Le compliment de Julian le touche, mais c'est encore l'air satisfait de la concernée qui l'a comblé, quand elle a essayé sa tenue. Asra a passé des heures à s'occuper des broderies en regardant une énième fois Steven Universe.

— Et toi ? T'as commandé quoi ?

— Des fringues. Et des bouquins. Rien d'original cette année, de toute façon ma tante est fauchée et le gars a aucune idée de ce qu'on aime, Pasha et moi.

Julian sourit soudain, il l'entend.

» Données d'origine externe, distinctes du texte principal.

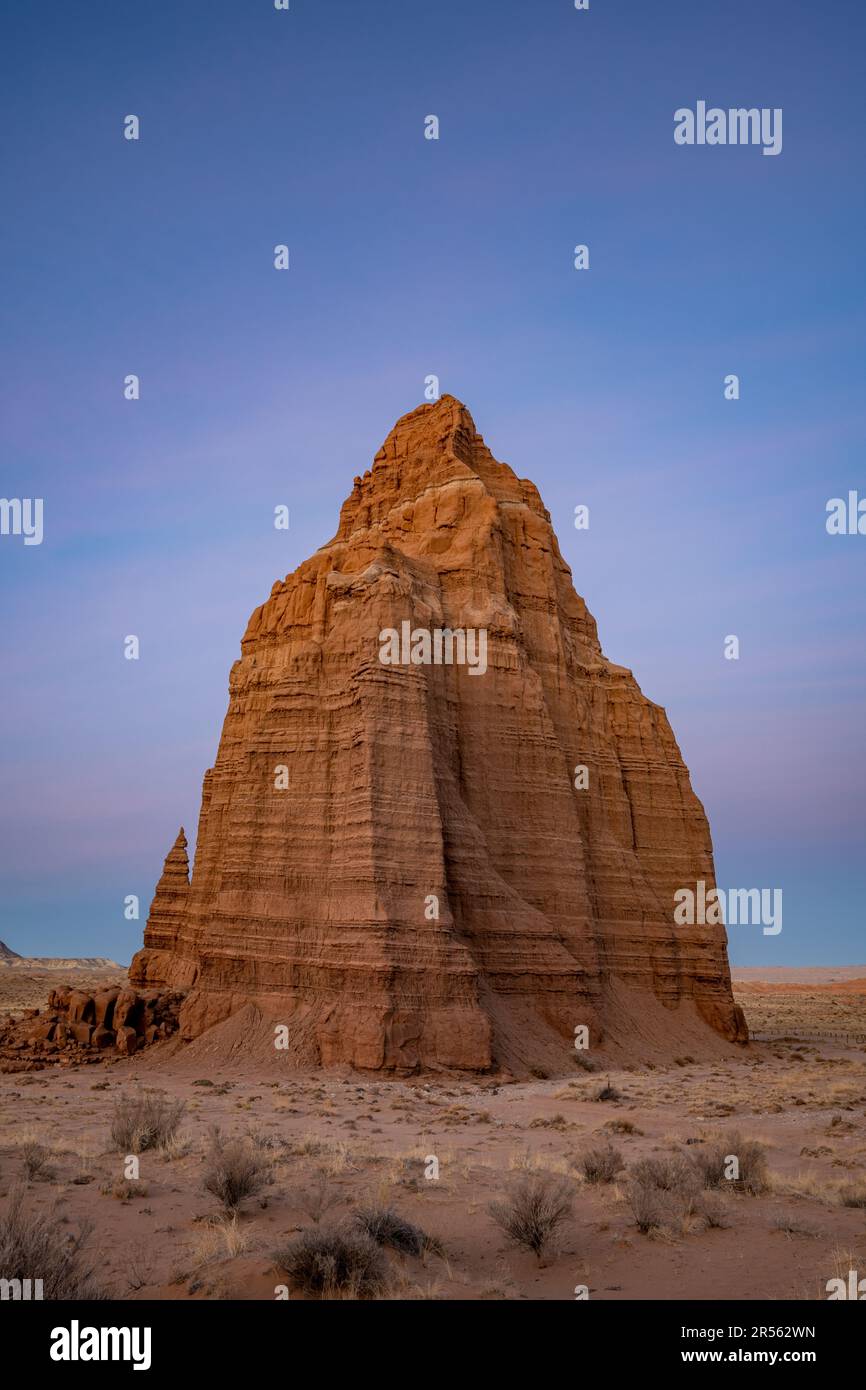 Dramatische Felsformationen bei Sonnenuntergang, Capitol Reef National Park, Utah, USA Stockfoto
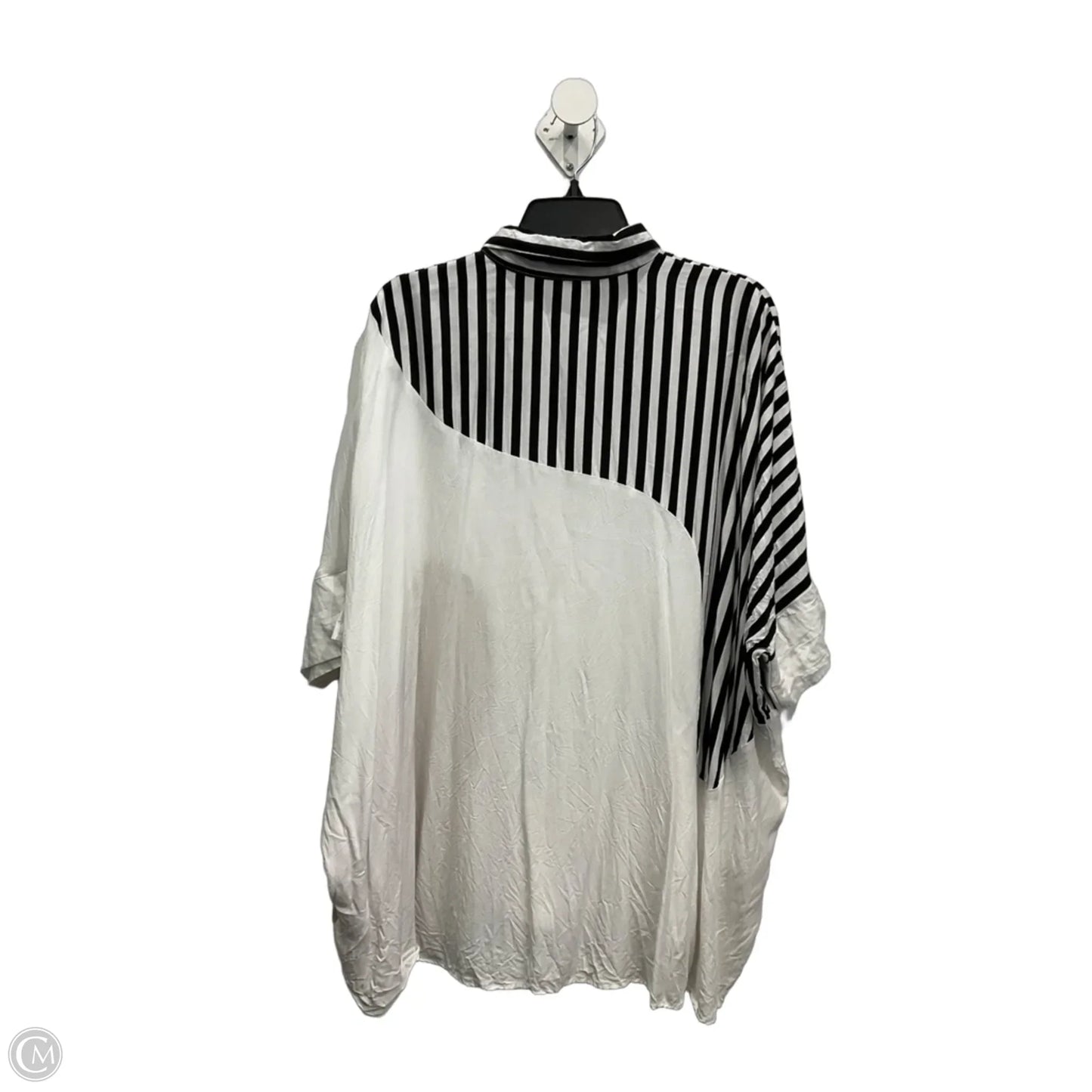 Top Short Sleeve By Clothes Mentor In White, Size: M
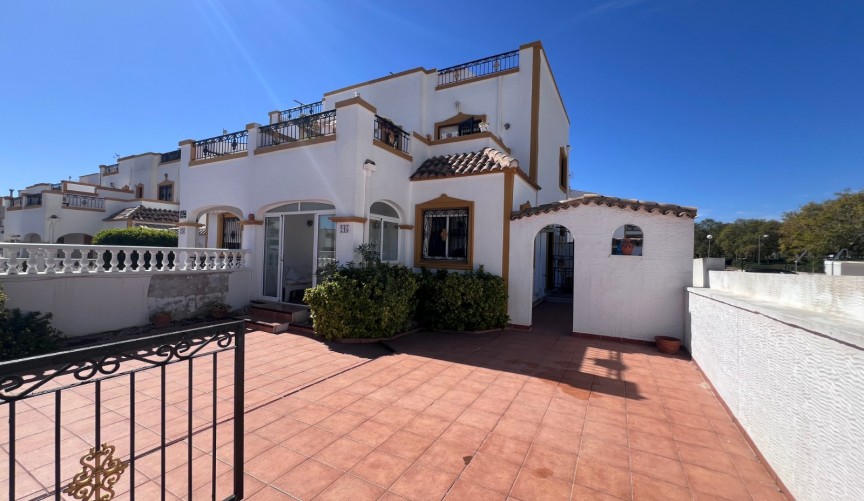 Resale - Villa -
Orihuela - Inland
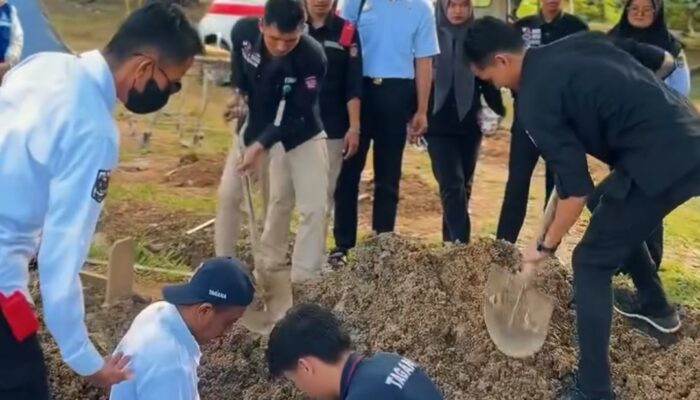 Jenazah Tanpa Identitas Dimakamkan Dinsos Palopo di TPU Purangi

La grande inspiration qu'il prend le trahit.

— J'ai trouvé un super cadeau pour Pasha !

— Ah ?

La fierté déborde de son timbre. Asra sait que Julian agite les mains en parlant. Il se déplace d'un bout à l'autre de la pièce - dans quelle pièce est-ce qu'il l'appelle, d'ailleurs ? Un grenier, une chambre vide, un jardin d'hiver ? Une cave, peut-être.

— Un livre ! il déclare. Sur la cuisine.

— Un livre sur la cuisine, pour une petite fille. Quelle originalité.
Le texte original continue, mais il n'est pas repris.